Before proceeding to the chapter summaries, a taxonomy of the central terms in waste discourse is in order. The terms “garbage,” “trash,” and “refuse” are largely synonymous, and are often used interchangeably by scholars and laymen alike, though some key differences are worth noting. In Rubbish! The Archaeology of Garbage (1992), garbologists William Rathje and Cullen Murphy distinguish garbage and trash thusly: garbage is composed of wet and dry discards alike, while trash is exclusively dry (9, 11). Architects Rania Ghosn and El Hadi Jazairy make a similar distinction in Geographies of Trash (2015), detailing that early twentieth-century Americans separated waste into garbage, ash, and rubbish (here synonymous with trash), designating organic materials as garbage and inorganic materials as rubbish or trash (ash formed a third category as furnaces and chimneys were in daily and necessary usage as means of generating heat and disposing of the unwanted). These distinctions indicate that trash normally designates inorganic, manufactured objects with minimal use-value to others after being discarded, a modest form of value which garbage, usually organic, rotting and pungent, does not.
The Oxford English Dictionary provides three definitions for garbage: 1) the offal of an animal used for food; 2) refuse in general; filth, and 3) worthless or foul literary matter (“Garbage”). The first of these corroborates the designation of garbage as specifically organic refuse, the second broadens the scope so as to make it interchangeable with other forms of waste, and the third broadens it further to incorporate literary materials which are not literally but figuratively deemed worthless in accordance to prevailing standards of taste and decorum. Garbage is therefore a highly relative category. As Walter Moses notes in “Garbage and Recycling: From Literary Theme to Mode of Production” (2007), because “each cultural system, or sub-system such as art, has to deal with the category and the reality of garbage within its own logic,” what is garbage in one system may serve as a “useful, functional cultural artifact in another” (1). One man’s foul literary matter is thus the beloved tome of another, functioning in a distinct economy of value. This is also generally true of its related terms.
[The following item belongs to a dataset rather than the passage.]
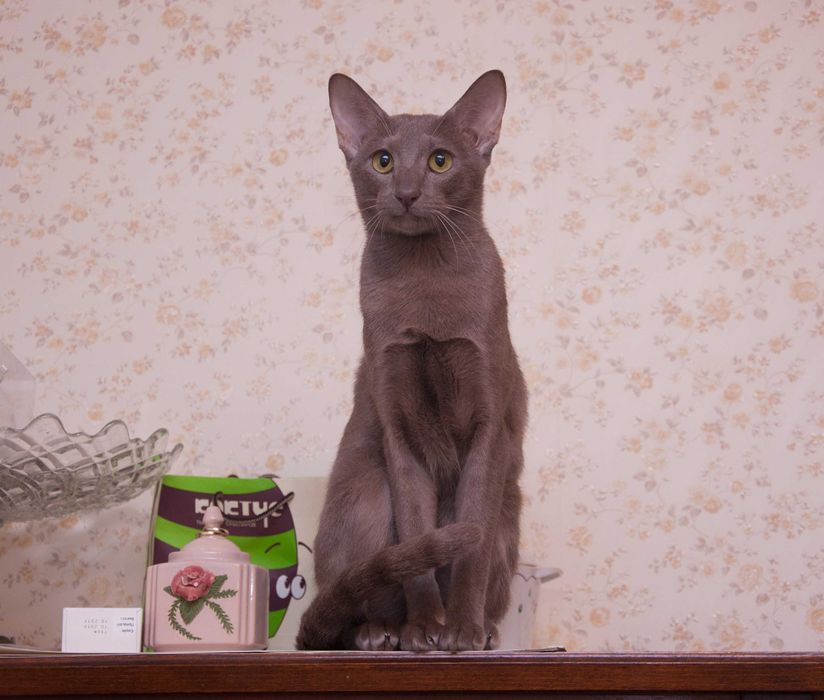 Допоможіть знайти нашу кішку. Винагорода! Пропала кішка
As with garbage, trash has three primary definitions in the OED: 1) Discarded matter; refuse; 2) Cultural items, ideas, or objects of poor quality, and 3) A person or people regarded as being of very low social standing (“Trash”). A similar and occasionally indistinguishable term (the OED, for instance, defines trash as “domestic refuse” or “garbage,” particularly within the United States), “trash” is deployed idiomatically more often than “garbage,” and in a greater variety of contexts. One can talk trash, exist as a piece of trash, and exhibit trashy or socially deviant, unproductive behavior. While two of the three definitions overlap to a degree, trash expands to include the social realm and its attendant hierarchies—not merely objects, but subjects of poor quality as well. After trash, “refuse” is the term most often deployed as a social value-judgment to mean a “despised outcast,” “worthless group of people,” or “the scum or drugs of a particular group or class” (“Refuse”).
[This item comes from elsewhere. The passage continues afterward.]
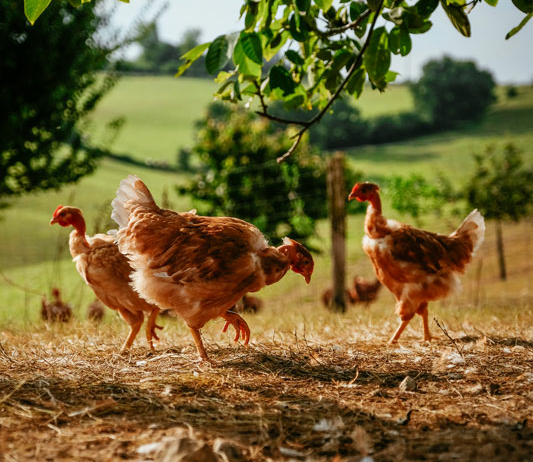 Les volailles du Gers sont médaillées au Concours Agricole 2020 !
As an adjective, “trashy” means “worthless” or “disreputable,” most often with reference to people (“Trashy”). Likewise, The New Partridge Dictionary of Slang defines trash as “a contemptible person,” tracing its colloquial usage back to early seventeenth-century England (“Trash”). Part of what earns disrepute or contempt in this context may be found in distinct definitions of the noun as well as its adjectival form: in drug slang, trash refers to illicit substances such as marijuana and heroin, and if “very drunk or drug-intoxicated,” one is “trashed.” The colloquialisms “wasted” and “shitfaced” designate the same, aligning intoxication and generally disruptive behavior with fecal matter and other forms of waste (Partridge). It is therefore the consumption of illegal substances, or the excessive consumption of legal substances, which appear to make the consumer trashy or waste-like. Here we observe, on the micro-corporeal scale, how trash operates as a polluting behavior—one which moves beyond bodily and social borders, and is to a degree determined by the quantity of the pollutant that makes it across.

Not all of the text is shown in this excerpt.